23 Jan 2006

Skinny Dipping


Wonderful news for Kenya’s tourist industry – the US navy has intercepted a Somali pirate ship, fired across it’s bows  and detained 10 ‘skinnies’, the US forces nickname for Somali gunmen. They also freed 16 Indian crewmen the pirates had captured. Sailors aboard the dhow told the US  Navy that pirates hijacked the vessel six days ago near Mogadishu and  then used it to stage  attacks on merchant ships.

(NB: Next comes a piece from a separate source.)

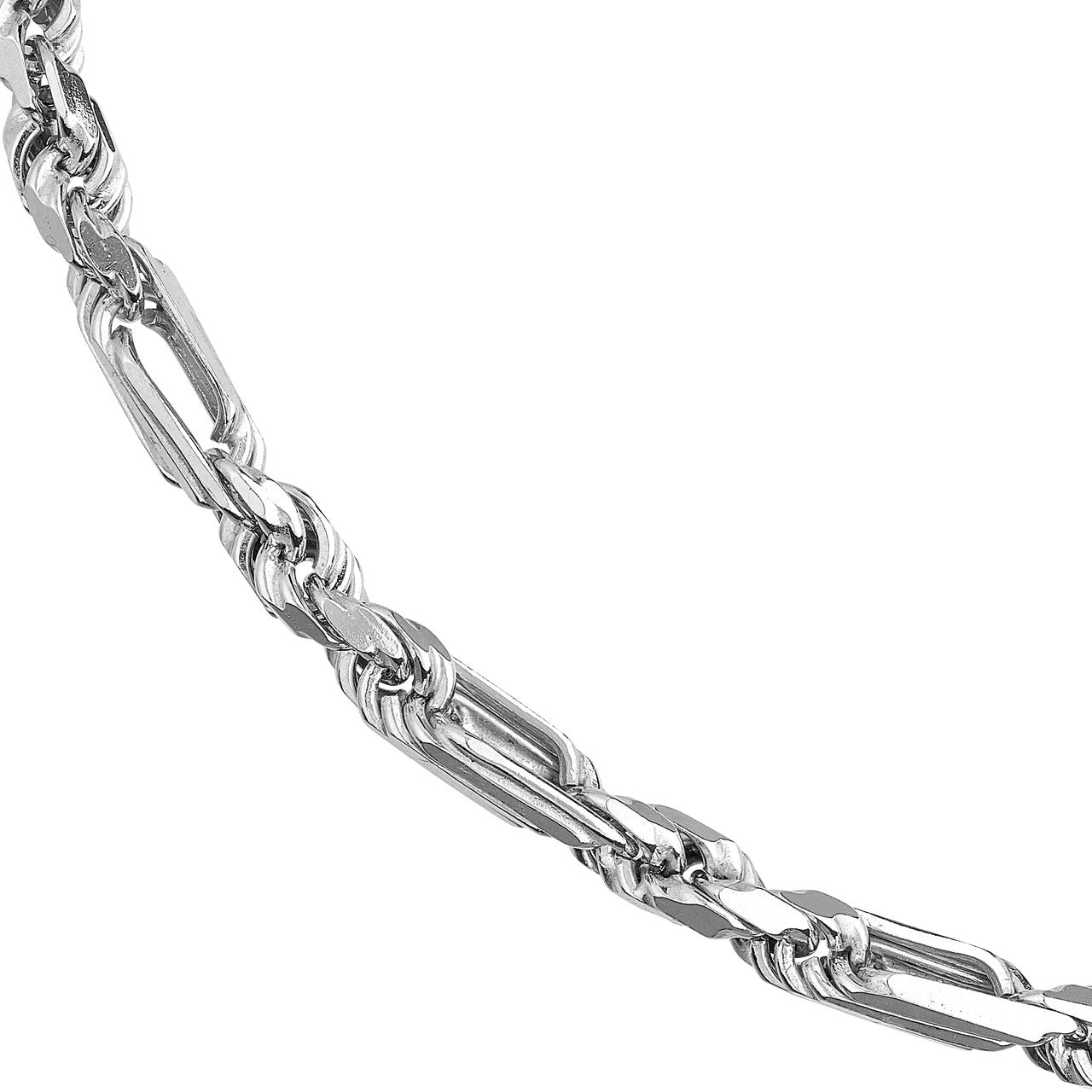 Sterling Silver 5.80mm D/C Figarope Milano Chain Birmingham Jewelry Gold Chain Birmingham Jewelry
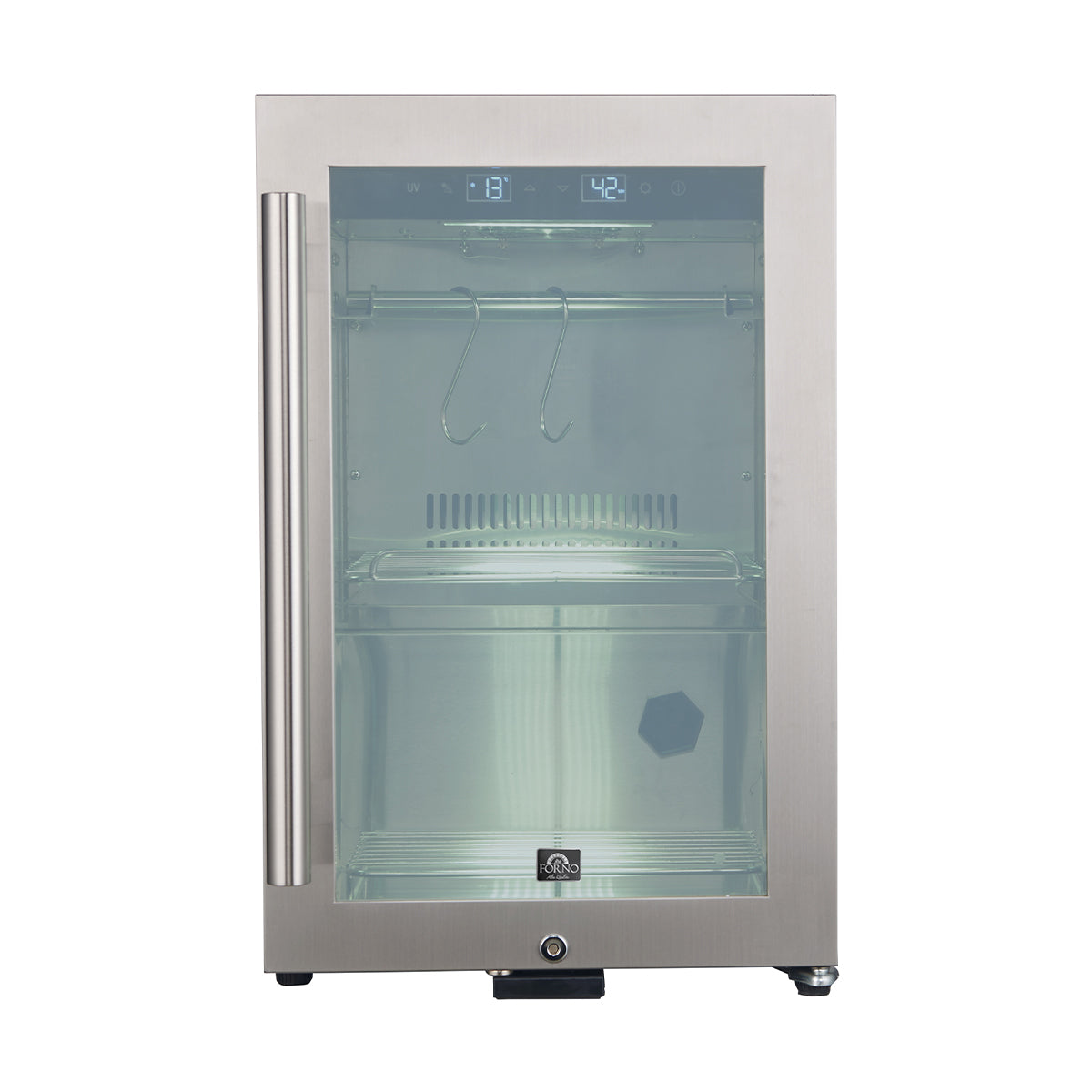 Forno Asciutto 17-Inch Dry Aging Cabinet, Stainless Steel 304, 1.84 cu.ft, LED Lighting, Adjustable Shelves - FFSDA6864-17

It was not long ago that our tours industry suffered a major blow when these same Somali  pirates attacked an American cruise ship on it’s way to  Mombasa.  Naturally everyone in Kenya is relieved and I doubt we will be hearing the usual  anti-American chatter from our  biased news media.

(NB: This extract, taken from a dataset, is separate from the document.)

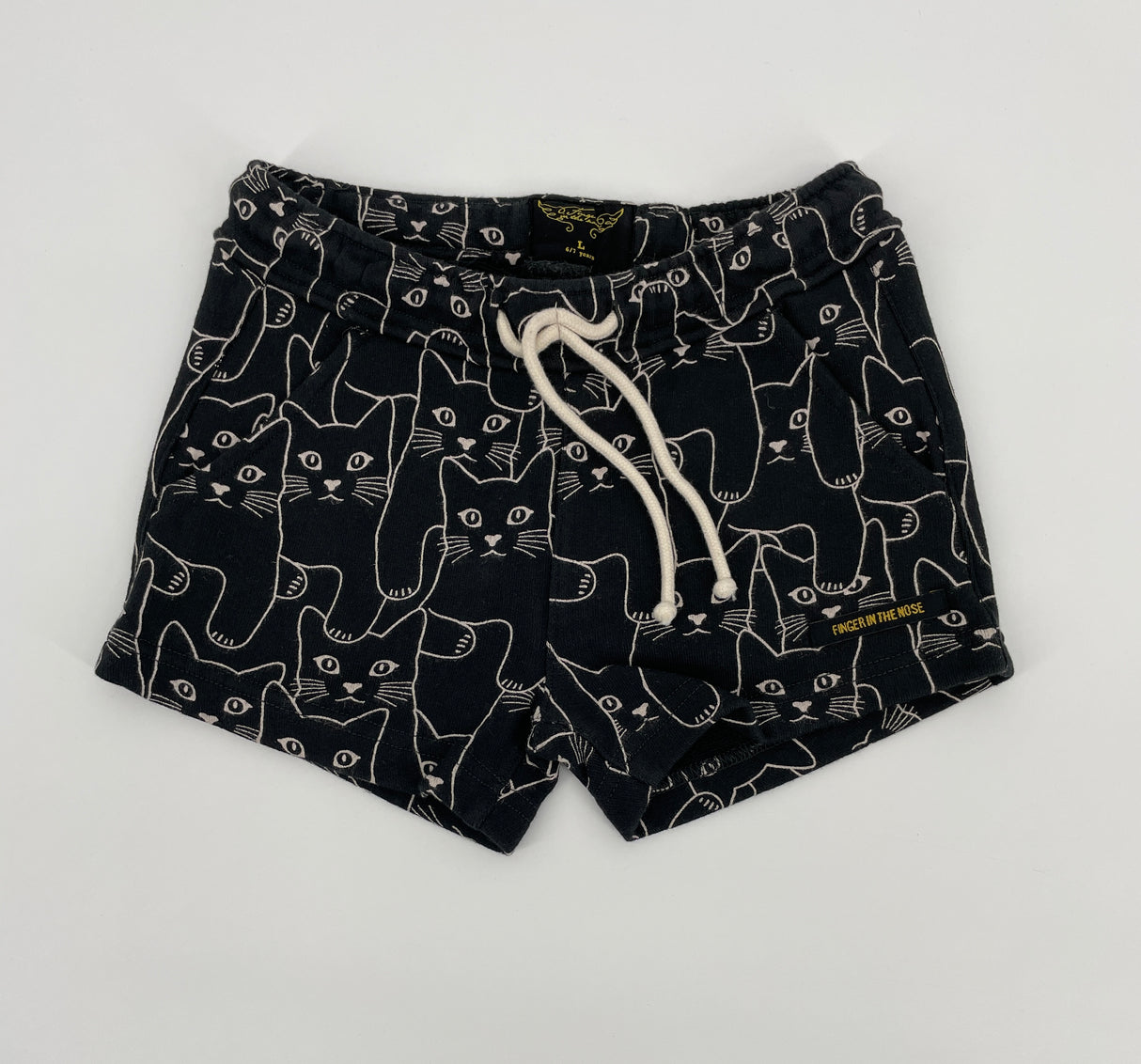 Korte Broek Zwart met Katten Print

My Compedium of African Geography (1858) describes the inhabitants of the Somali coast as “treacherous ,boisterous and turbulent” and warns the coast is to be avoided and the people “ best left well alone.” Nothing much has changed.  Most Kenyans will be hoping the US Navy keeps up it’s attacks and patrols on these sea-vermin.

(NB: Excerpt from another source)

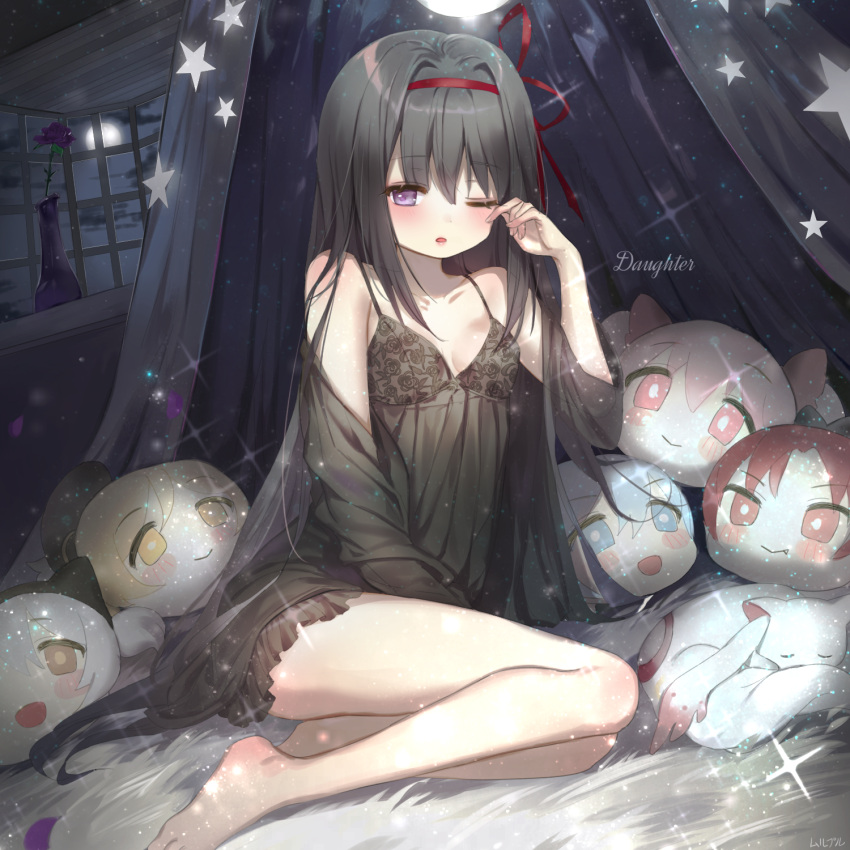 1girl, akemi_homura, barefoot, bed, black_bra, black_hair, black_nightgown, blush, bra, breasts, clouds, commentary, curtains, english, eyebrows_visible_through_hair, flower, highres, kaname_madoka, kyubey, light_particles, long_hair, looking_at_viewer, mahou_shoujo_madoka_magica, miki_sayaka, momoe_nagisa, moon, mullpull, night, night_sky, nightgown, one_eye_closed, purple_flower, purple_rose, red_ribbon, ribbon, rose, rubbing_eyes, sakura_kyouko, see-through, sitting, sky, sleeping, small_breasts, sparkle, star, thighs, tomoe_mami, underwear, vase, very_long_hair, violet_eyes, watermark, window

In an excellent irony, the pirates were captured by the USS Winston S. Churchill, named after a renowed someone who knew a thing or two about chasing fanatical Muslim tribesmen around , see for example “The River War”.

What of the punishments for piracy these days?  "The disposition of people and vessels involved in acts of piracy on the high seas are based on a variety of factors, including the offense, the flags of the vessels, the nationalities of the crew, and others,"  said a very PC-sounding Lt. Leslie Hull-Ryde of U.S. Naval Forces Central Command in Bahrain. Whatever happened to  that old favorite, walking-the-plank?